The last series – which revitalised the show after 16 years off air – won three prizes at the National TV Awards last month and featured a new generation of monsters, including flying Daleks and sinister store dummies.
But Steven says he won’t be bringing back the spooky gas mask boy.
In fact, the father-of-two is not keen to see any villains from the past return. He said: “My story might have been scarier for adults than children. Kids are at home with the idea of creepy children, which is naturally more worrying to adults.
“The Empty Child is fundamentally frightening because there’s no reasoning with it. It’s coming to destroy you and it can’t be persuaded out of it.
“Even the Daleks will stop for a chat. This will not”My view of how you ought to do Dr Who is that you keep the mystery going right to the very end, so that the Doctor can continue to be the investigator.
“This is why I don’t care for bringing back old enemies. The mystery has gone from them and I wanted a big mystery.

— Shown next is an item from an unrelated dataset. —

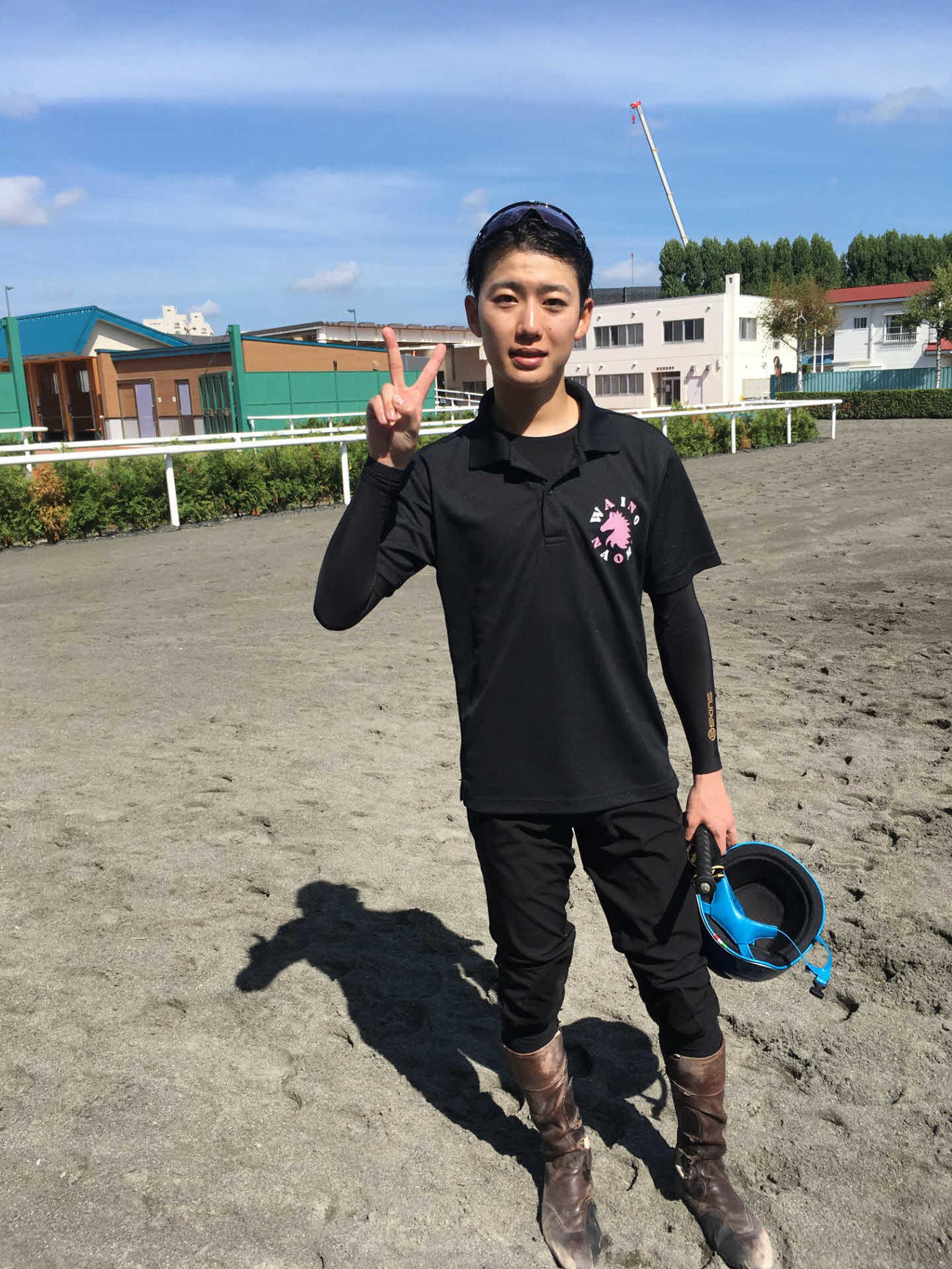 写真撮影にピースサインで応じてくれた斎藤新騎手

I want you to get to the end of part one thinking, ‘I have no idea what is going on’.”
Steven was also responsible for the introduction of controversial bi-sexual hero Captain Jack, played by John Barrowman.

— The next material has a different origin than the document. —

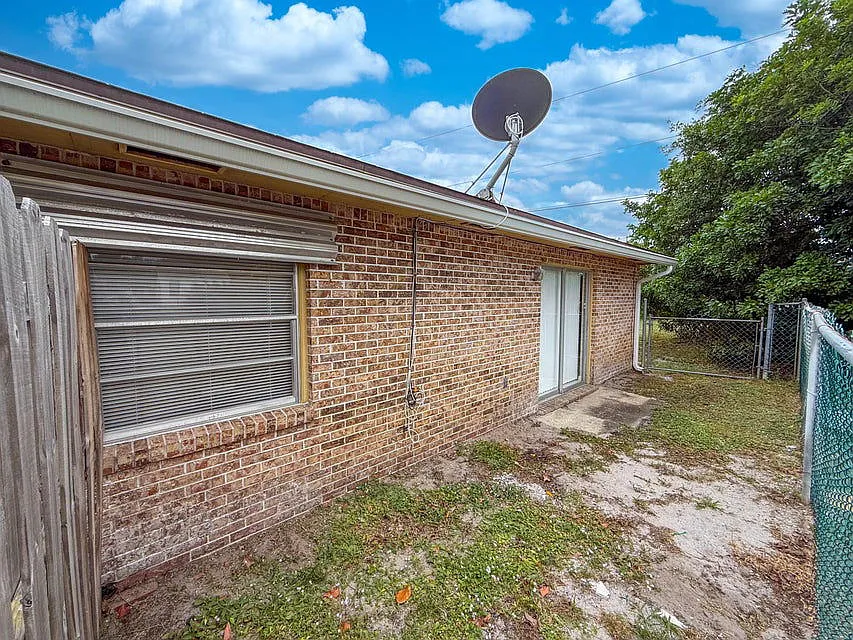 2 bed, 1.0 bath, $1,795 — Photo 2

Critics hit out at the character being a sop to political correctness and pointed the finger at Dr Who’s chief writer and executive producer Russell T. Davies, who was also behind Queer As Folk.
But Steven claims Captain Jack – who proved so popular he has been given his own spin-off series, Torchwood, on BBC3 – was all of his own making.
He said: “There’s something very believable and right about a James Bond character who will literally s ** g anything… if a Dalek’s gota short enough skirt! I can honestly say Russell never egged me on to do anything camp or remotely gay.
“Every word was mine, including the Tardis going on Mauve Alert.”
Former teacher Steven, whose first TV job was writing the hit kids’ show Press Gang, is full of praise for his boss, who he says has brought back family viewing with Dr Who – despite the scary bits.
He said: “Imagine if Tom Baker’s Doctor turned up in the real world, striding around in his stupid bloody scarf. You’d think he was a total a *** .
“Russell takes this know-all bossyboots, who has to travel with the very young because nobody else can tolerate him, and puts him in the real world. It’s brilliant. I watched one episode – not one of mine – with my family, where the age goes from three to 74.
“Everyone thought it was their programme, that they understood it the way the others didn’t. That has sent a shockwave through TV.
“How many shows could be off air for 16 years and still come back? The difference after this series is that now we know it’s part of the national fabric.
“It might not always be on TV but it will always be there. It’ll outlive all of us. It’s there forever now.”
Doctor Who: The Complete First Series DVD box set is out on November 21.
George says
Now, if we can just get someone to broadcast it here in the States!!!!